Feel free to share a more detailed proposal if you have have/plan - I'm
sure the Samba folks (Ira copied) would be interested too.
On Wed, Feb 5, 2014 at 11:27 AM, Xavier Hernandez <xhernandez at datalab.es>wrote:
> On 04.02.2014 17:18, Jeff Darcy wrote:
> The only synchronization point needed is to make sure that all bricks
>>> agree on the inode state and which client owns it. This can be achieved
>>> without locking using a method similar to what I implemented in the DFC
>>> translator. Besides the lock-less architecture, the main advantage is
>>> that much more aggressive caching strategies can be implemented very
>>> near to the final user, increasing considerably the throughput of the
>>> file system. Special care has to be taken with things than can fail on
>>> background writes (basically brick space and user access rights). Those
>>> should be handled appropiately on the client side to guarantee future
>>> success of writes. Of course this is only a high level overview. A
>>> deeper analysis should be done to see what to do on each special case.
>>> What do you think ?
>> I think this is a great idea for where we can go - and need to go - in the
>> long term. However, it's important to recognize that it *is* the long
>> term. We had to solve almost exactly the same problems in MPFS long ago.

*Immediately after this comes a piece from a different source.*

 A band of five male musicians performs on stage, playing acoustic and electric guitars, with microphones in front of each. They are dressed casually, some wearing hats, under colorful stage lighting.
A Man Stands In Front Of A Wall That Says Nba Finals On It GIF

>> Whether the synchronization uses locks or not *locally* is meaningless,
>> because all of the difficult problems have to do with recovering the
>> *distributed* state. What happens when a brick fails while holding an
>> inode in any state but I? How do we recognize it, what do we do about it,
>> how do we handle the case where it comes back and needs to re-acquire its
>> previous state? How do we make sure that a brick can successfully flush
>> everything it needs to before it yields a lock/lease/whatever? That's
>> going to require some kind of flow control, which is itself a pretty big
>> project. It's not impossible, but it took multiple people some years for
>> MPFS, and ditto for every other project (e.g. Ceph or XtreemFS) which
>> adopted similar approaches. GlusterFS's historical avoidance of this
>> complexity certainly has some drawbacks, but it has also been key to us
>> making far more progress in other areas.

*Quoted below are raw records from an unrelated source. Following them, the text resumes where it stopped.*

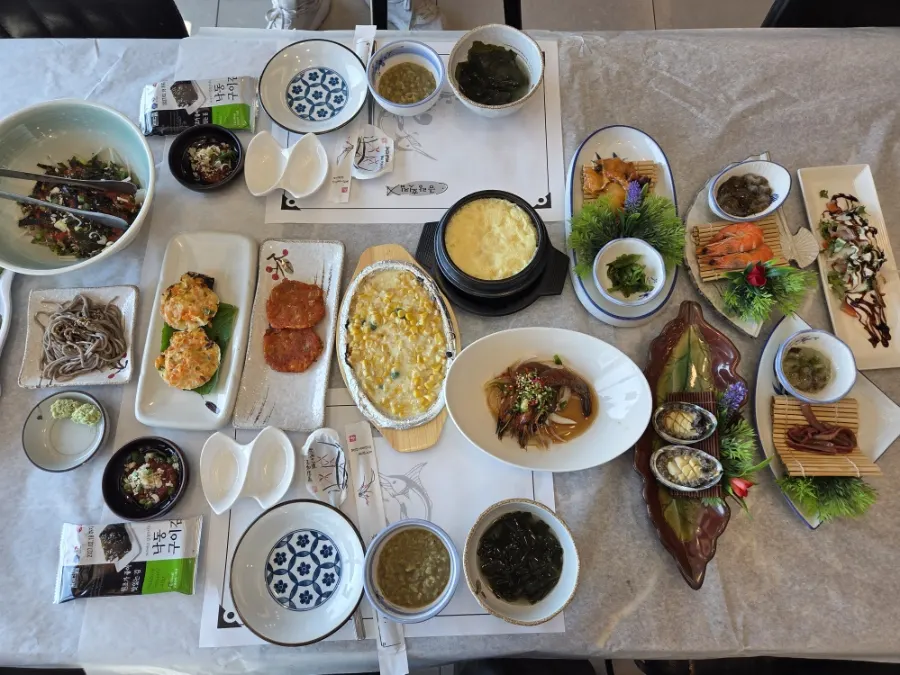 Assorted seafood plate with abalone, sea squirt, spoon worm and sea cucumber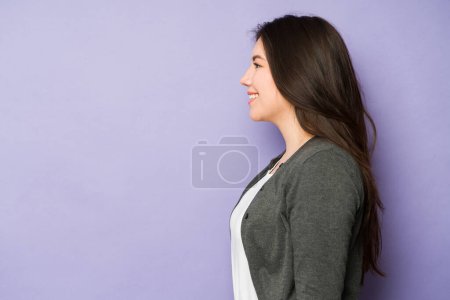Téléchargez les photos : Profil d'une belle femme asiatique dans la trentaine souriante regardant l'espace de copie sur un fond violet - en image libre de droit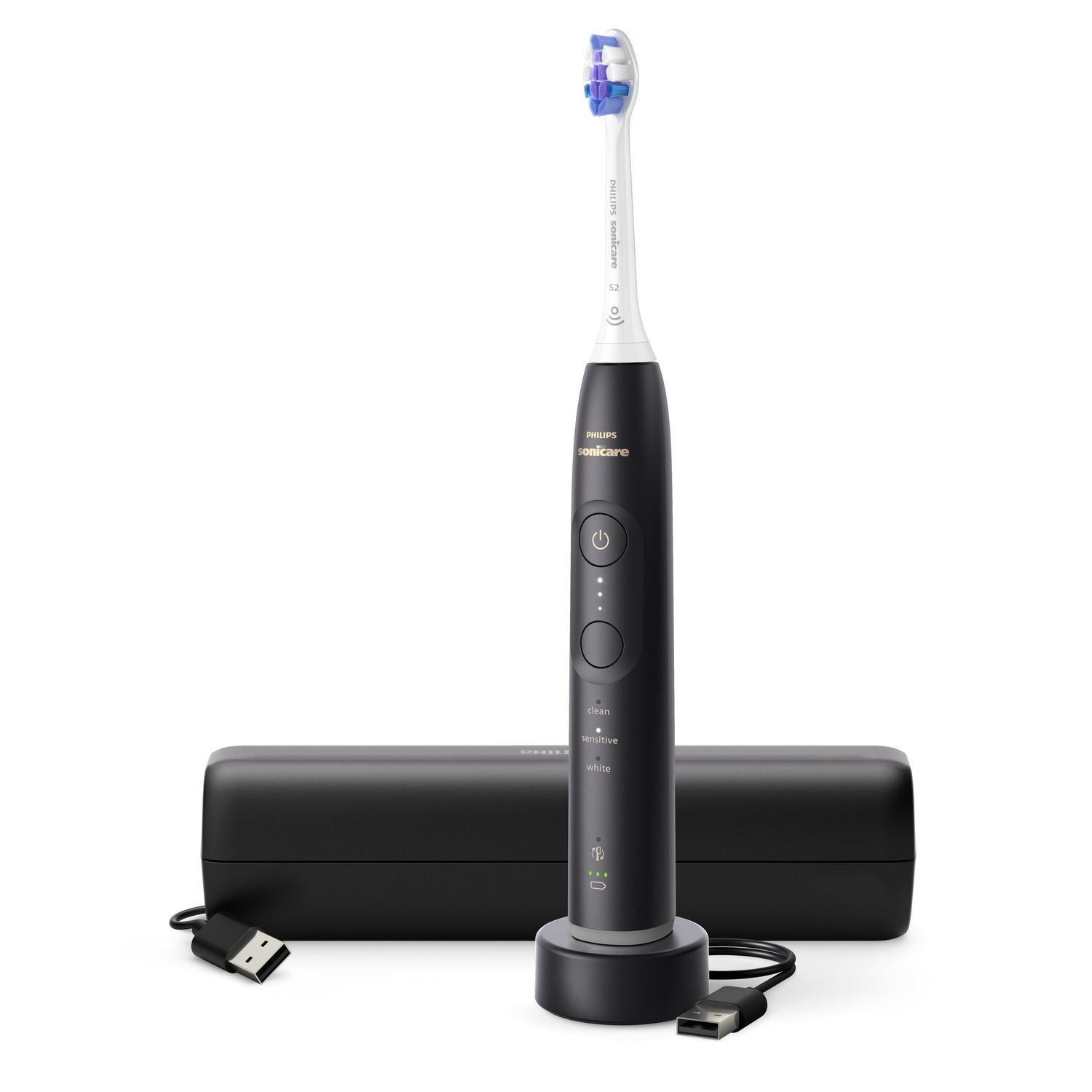 A black electric toothbrush with a charging base and a USB cable.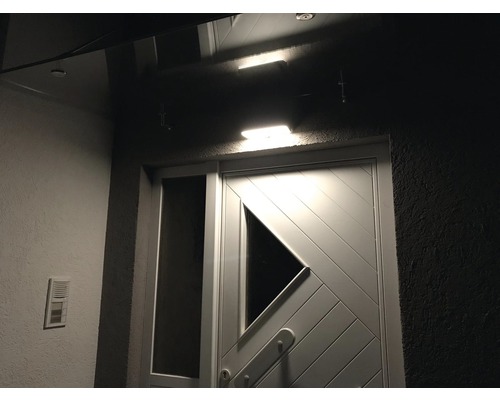 Zonă de intrare în casă iluminată cu ușă și sonerie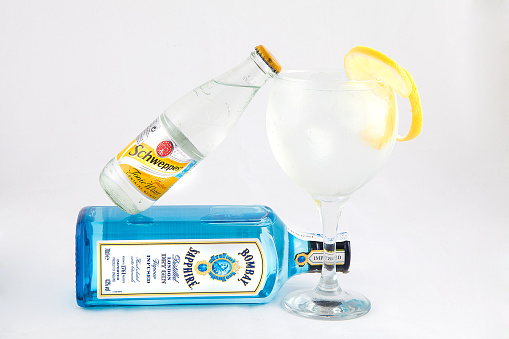 Valencia, Spain- october 31, 2013: Bombay Sapphire gin bottle, sweeps bottle and one glass of gin and tonic with ice and lemon, all isolated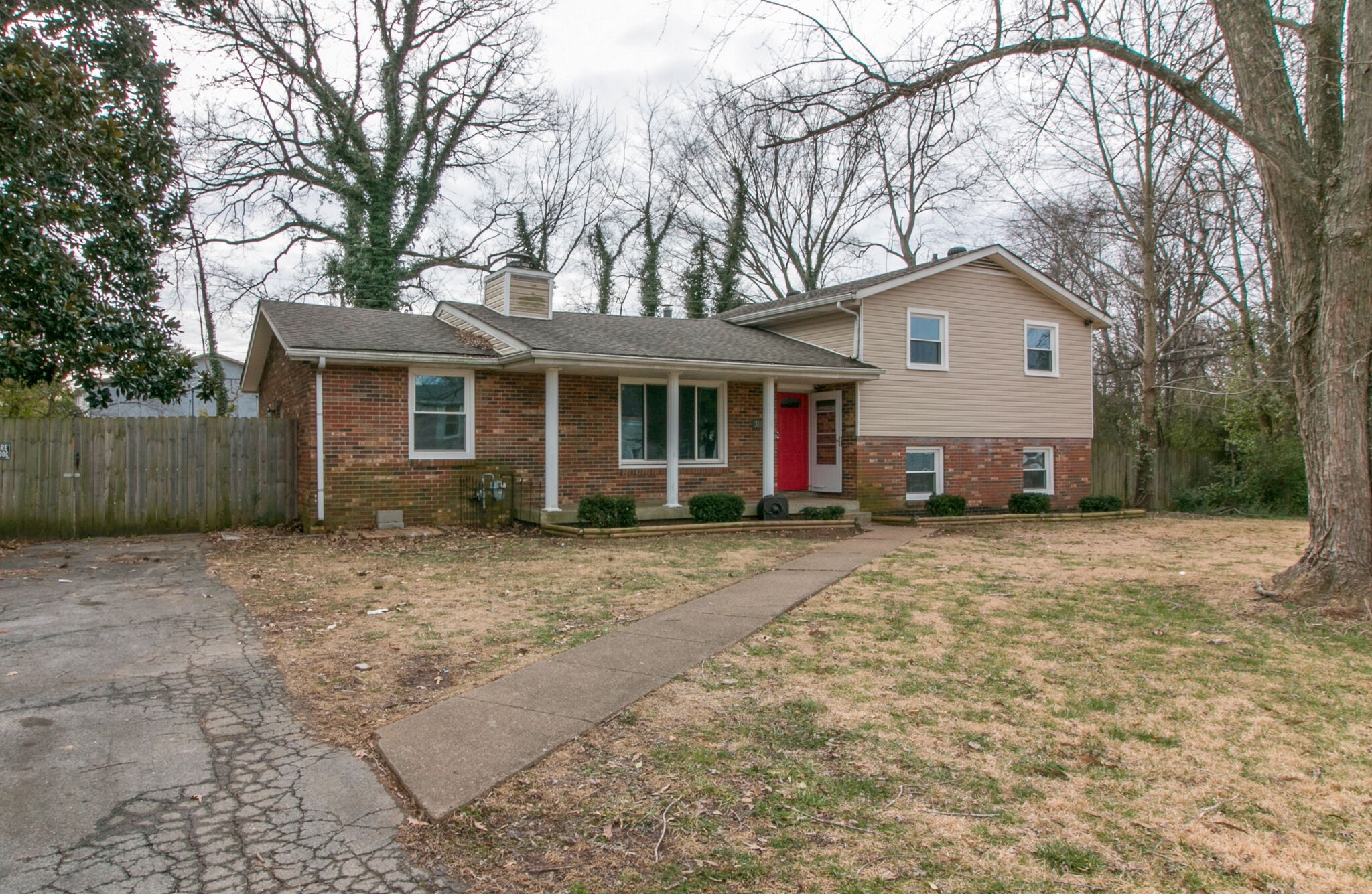 310 Burch Road Clarksville, TN 37042 - Photo 3 of 30 a view of a yard in front of a house with large tree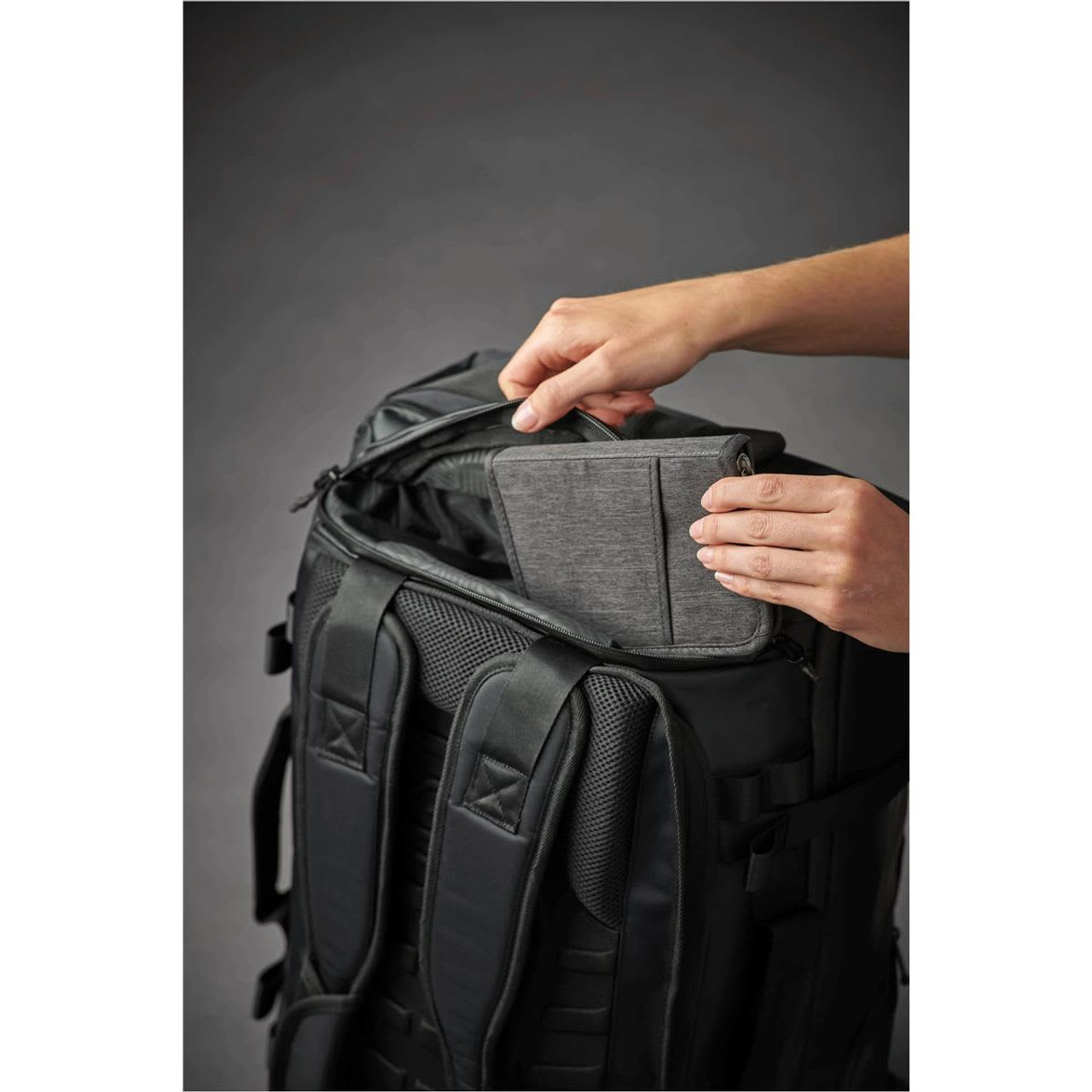 A black backpack with a person placing a grey tablet or book into its top pocket. The backpack features padded straps.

>> Well, it's true that there will be a lot of tricky cases that will need
> to be handled to be sure that data integrity and system responsiveness is
> guaranteed, however I think that they are not more difficult than what
> can happen currently if a client dies or loses communication while it
> holds a lock on a file.
> Anyway I think there is a great potential with this mechanism because it
> can allow the implementation of powefull caches, even based on SSD that
> could improve the performance a lot.
> Of course there is a lot of work solving all potential failures and
> designing the right thing. An important consideration is that all
> these methods try to solve a problem that is seldom found (i.e. having
> more than one client modifying the same file at the same time). So a
> solution that has almost 0 overhead for the normal case and allows the
> implementation of aggressive caching mechanisms seems a big win.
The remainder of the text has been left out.